Restrict the output to the lines below starting at the one that contains "De vânzare apartament" and ending at the one that contains "8 Pentecost Place, Redland Bay QLD 4165", and restate them word for word, both ends included.

=-=-=

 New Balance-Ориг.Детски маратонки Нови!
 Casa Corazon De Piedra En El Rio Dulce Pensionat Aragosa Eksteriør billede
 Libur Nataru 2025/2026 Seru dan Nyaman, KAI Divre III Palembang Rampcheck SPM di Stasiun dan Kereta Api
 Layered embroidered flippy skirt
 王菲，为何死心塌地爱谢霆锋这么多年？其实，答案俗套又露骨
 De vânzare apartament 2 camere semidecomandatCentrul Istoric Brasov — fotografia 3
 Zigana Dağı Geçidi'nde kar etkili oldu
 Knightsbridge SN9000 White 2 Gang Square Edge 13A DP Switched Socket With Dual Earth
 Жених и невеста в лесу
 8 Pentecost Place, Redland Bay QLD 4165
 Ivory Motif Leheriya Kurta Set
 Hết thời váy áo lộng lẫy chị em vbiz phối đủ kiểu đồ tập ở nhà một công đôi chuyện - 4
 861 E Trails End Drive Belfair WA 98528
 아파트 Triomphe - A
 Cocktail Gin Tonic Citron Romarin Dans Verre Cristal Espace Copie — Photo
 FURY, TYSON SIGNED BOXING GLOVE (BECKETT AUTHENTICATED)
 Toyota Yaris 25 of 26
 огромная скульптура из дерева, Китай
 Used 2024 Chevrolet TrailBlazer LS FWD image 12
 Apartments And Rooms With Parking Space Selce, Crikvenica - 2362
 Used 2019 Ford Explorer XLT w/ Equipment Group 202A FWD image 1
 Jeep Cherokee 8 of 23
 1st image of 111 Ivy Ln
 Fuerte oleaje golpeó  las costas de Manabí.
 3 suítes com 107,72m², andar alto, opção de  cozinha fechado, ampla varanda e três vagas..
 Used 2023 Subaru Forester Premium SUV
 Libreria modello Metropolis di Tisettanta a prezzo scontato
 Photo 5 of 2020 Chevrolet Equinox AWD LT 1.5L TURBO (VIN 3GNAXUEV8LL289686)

=-=-=

### Response to the exercise
 De vânzare apartament 2 camere semidecomandatCentrul Istoric Brasov — fotografia 3
 Zigana Dağı Geçidi'nde kar etkili oldu
 Knightsbridge SN9000 White 2 Gang Square Edge 13A DP Switched Socket With Dual Earth
 Жених и невеста в лесу
 8 Pentecost Place, Redland Bay QLD 4165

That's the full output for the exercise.